» **Available data**

....

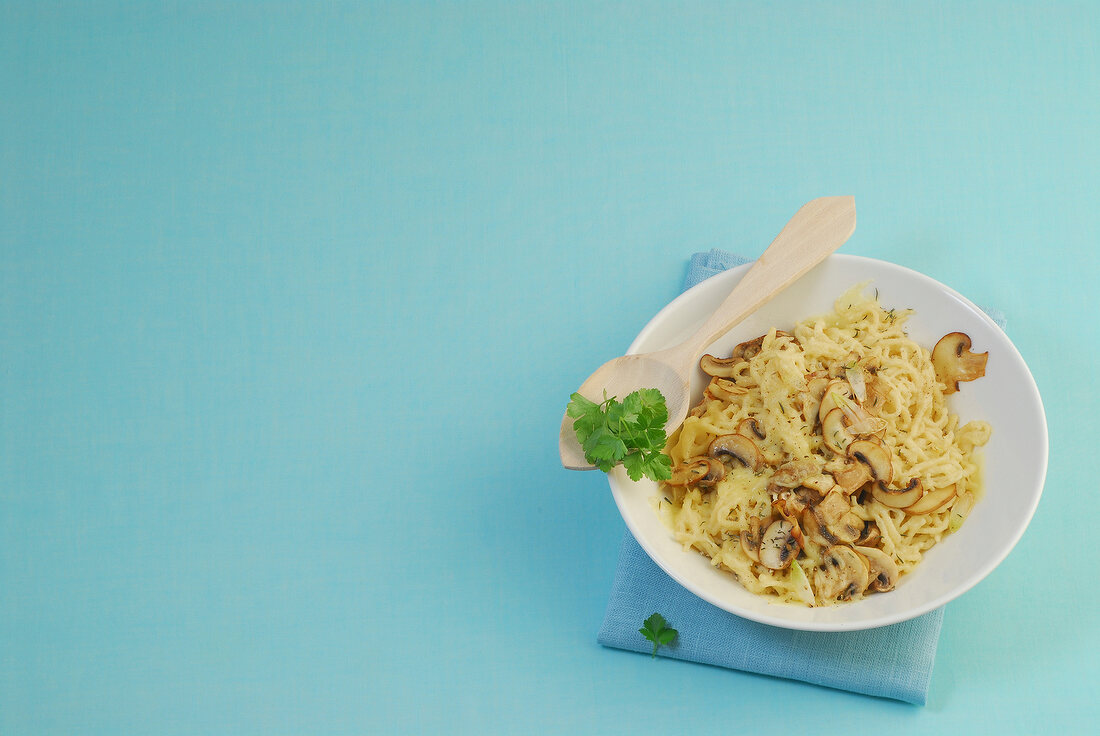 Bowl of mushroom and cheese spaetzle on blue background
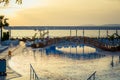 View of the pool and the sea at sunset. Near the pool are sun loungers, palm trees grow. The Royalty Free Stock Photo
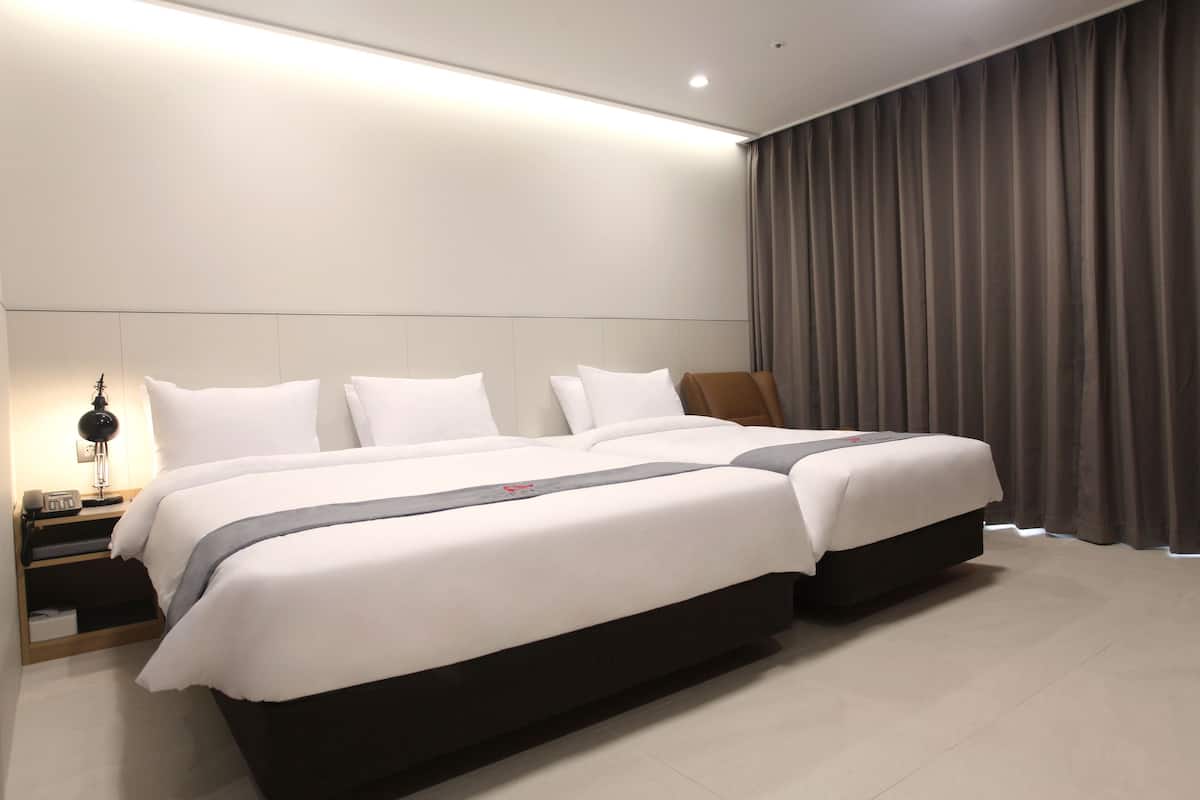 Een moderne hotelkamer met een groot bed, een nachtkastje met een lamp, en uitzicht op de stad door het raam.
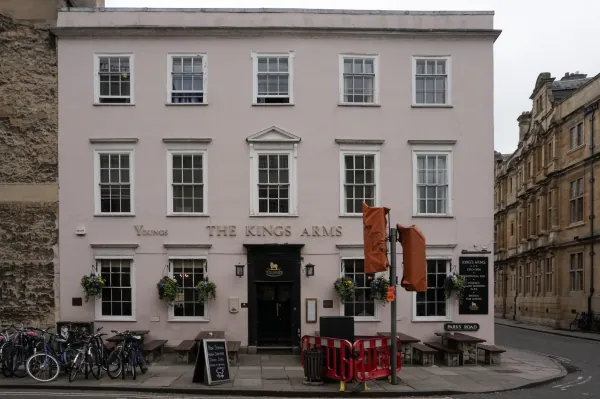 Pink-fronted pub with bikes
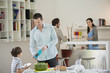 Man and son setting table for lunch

....

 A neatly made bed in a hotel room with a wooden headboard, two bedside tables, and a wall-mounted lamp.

....

» **What the exercise asks**
For this exercise, reproduce exactly the lines of the records above from the one with "Bowl of mushroom" up to and including the one with "Man and son setting table for lunch", without pictures.

» **Result for this exercise**
 Bowl of mushroom and cheese spaetzle on blue background
 View of the pool and the sea at sunset. Near the pool are sun loungers, palm trees grow. The Royalty Free Stock Photo
 Een moderne hotelkamer met een groot bed, een nachtkastje met een lamp, en uitzicht op de stad door het raam.
 Pink-fronted pub with bikes
 Man and son setting table for lunch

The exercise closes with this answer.